Aber vielleicht sollte man in diesem Fall auch den Wert einkalkulieren, den eine Verpflichtung Lehmanns für das VW-Image bietet. Der Konzern hat eine schwere Zeit hinter sich mit Entlassungen, fallenden Erlösen und einem Imagedesaster namens "VW-Affäre". Das meint eine breitflächige Inanspruchnahme von Prostituierten-Dienstleistungen auf Konzernkosten von VW-Arbeitnehmervertretern, VW-Managern und Politikern. Längst macht VW zwar wieder enorme Gewinne (947 Millionen Euro nach Steuern im III. Quartal 2007), doch vor deutschen Gerichten wird immer noch wegen des Vorwurfs der "Lustreisen" auf Konzernkosten verhandelt, u.a. gegen einen Geschäftsführer des VfL. So richtig imagefördernd ist das nicht.

Allemal schöner zu kommunizieren wäre es, wenn Deutschland bei der EM mit einer Nr. 1 antreten würde, den VW zum Wohl des Vaterlandes von der Strafbank geholt hat. Auch wenn er dann ein DFB-Trikot mit einem Mercedes-Stern trägt. Bei der WM hatte man zwar mit Mike Hanke auch einen Repräsentanten, aber das kriegte praktisch keiner mit. Die Wolfsburger Nachrichten zitieren VW-Chef Winterkorn mit dem Satz: "Lehmann beim VfL ist denkbar." Und: "Wir müssen uns Gedanken machen, Torwart ist eine entscheidende Position."

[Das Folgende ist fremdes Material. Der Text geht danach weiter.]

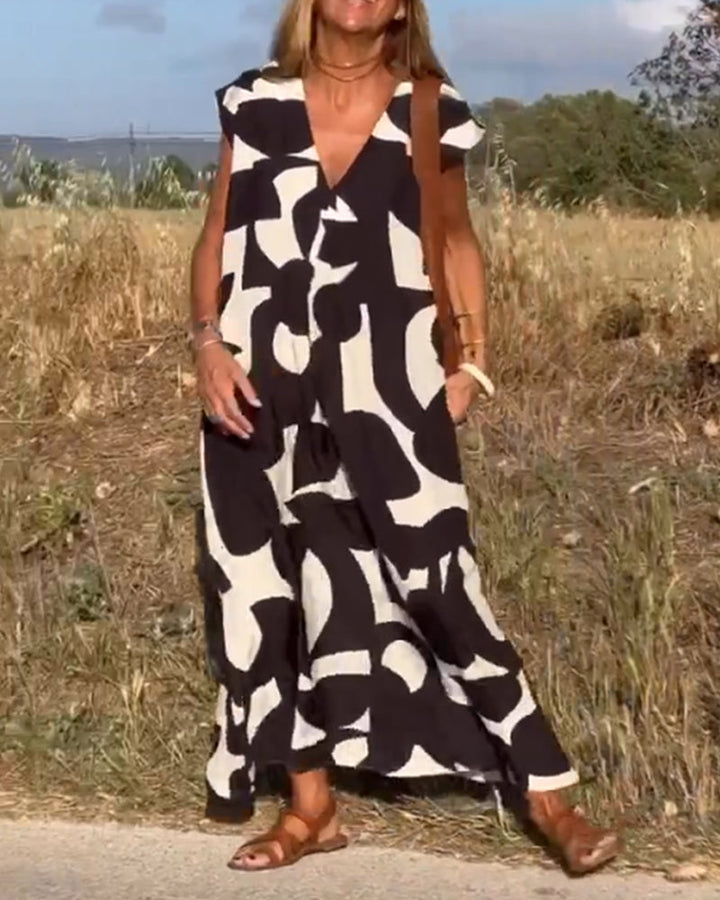 Echoarchiv | Amara Maxikleid mit Print und V-Ausschnitt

Ob Lehmann tatsächlich nach Wolfsburg ginge, ist eine zweite Frage. Zum einen hat er immer wieder erklärt, er zweifle, ob es Sinn mache, seine Kinder von ihrer Londoner Schule zu nehmen. Zum anderen haben Lehmann und Magath sich vor und nach der WM 2006 etwas gekabbelt, als der damalige Bayern-Trainer klar Partei für Lehmanns Vorgänger Oliver Kahn ergriffen hatte. Möglicherweise erschließt sich einem aber auch jetzt erst ein Satz, der vor einigen Wochen für Aufsehen gesorgt hatte. Damals hatte Lehmann gesagt, dass bei einem Wechsel "vielleicht auch die Zweite Liga" in Frage käme. Vielleicht war das ja metaphorisch gesprochen und letztlich der VfL Wolfsburg gemeint.